Work request:
Keep every word of the listing and reproduce it exactly, but set aside any image found there.

Data excerpt:
------------------------

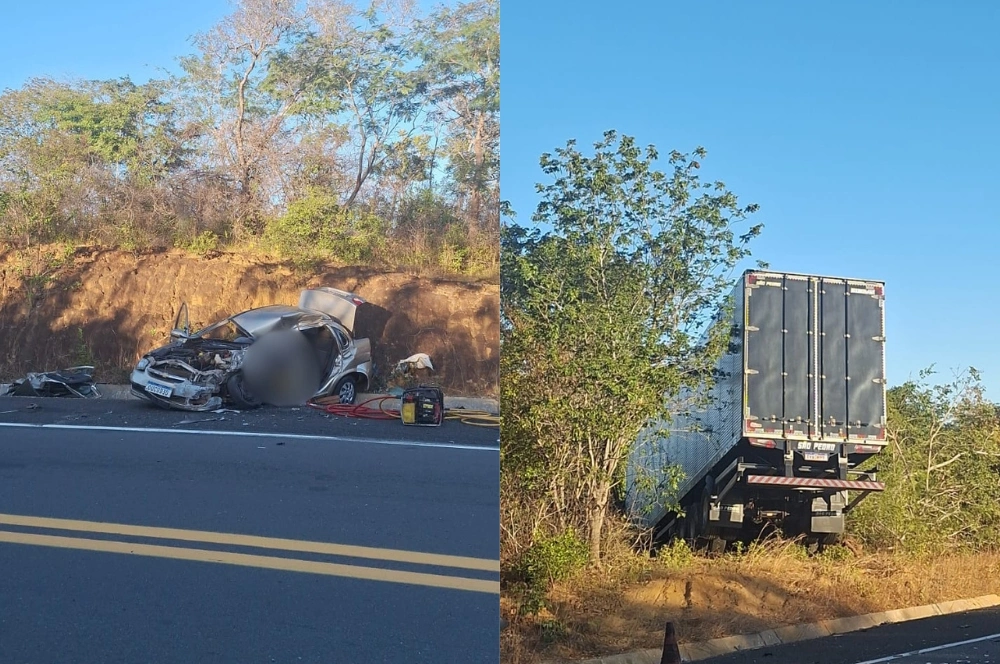 Motorista morto durante acidente na BR-343, em Amarante, colidiu contra caminhão
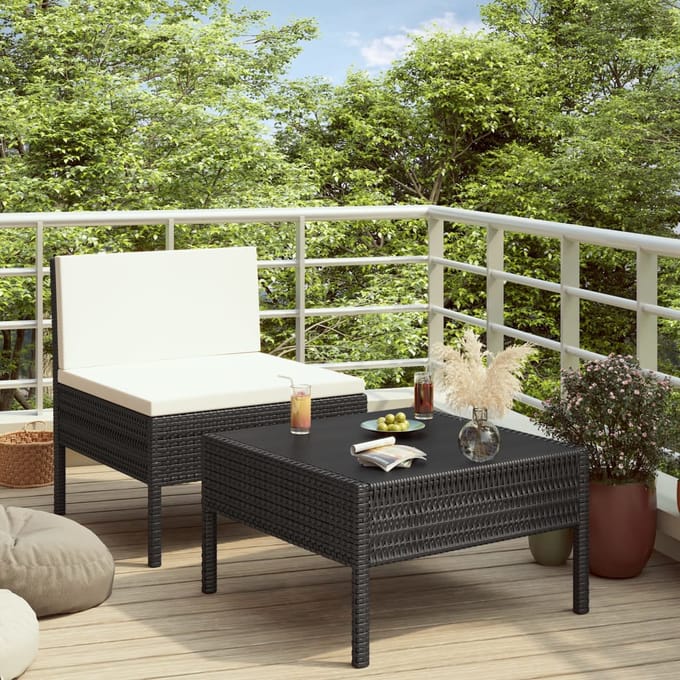 vidaXL - 2-delige - Loungeset - met - kussens - poly - rattan - zwart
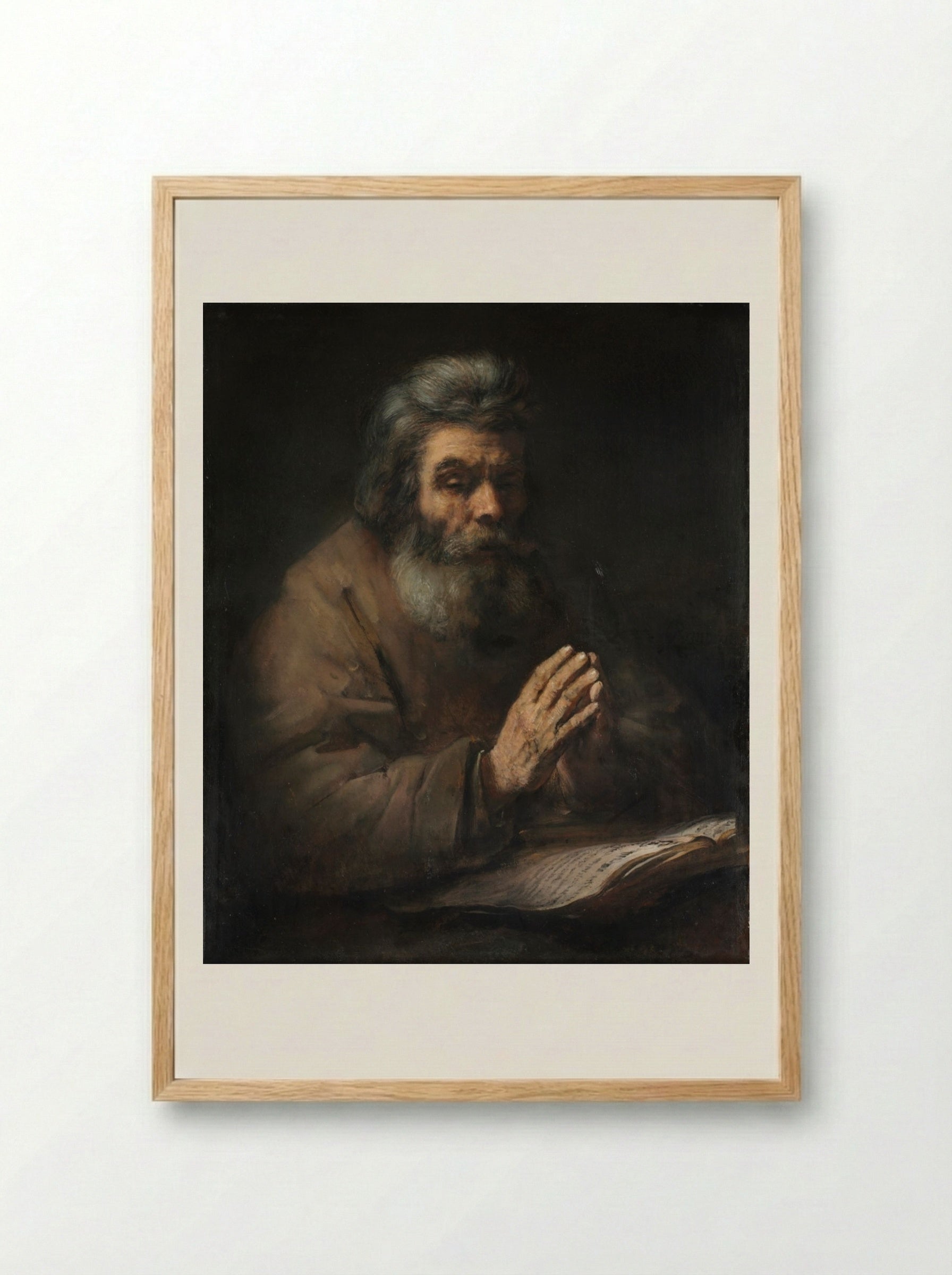 An Elderly Man in Prayer - Rembrandt van Rijn - Framed Print Wood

------------------------

Your solution:
 Motorista morto durante acidente na BR-343, em Amarante, colidiu contra caminhão
 vidaXL - 2-delige - Loungeset - met - kussens - poly - rattan - zwart
 An Elderly Man in Prayer - Rembrandt van Rijn - Framed Print Wood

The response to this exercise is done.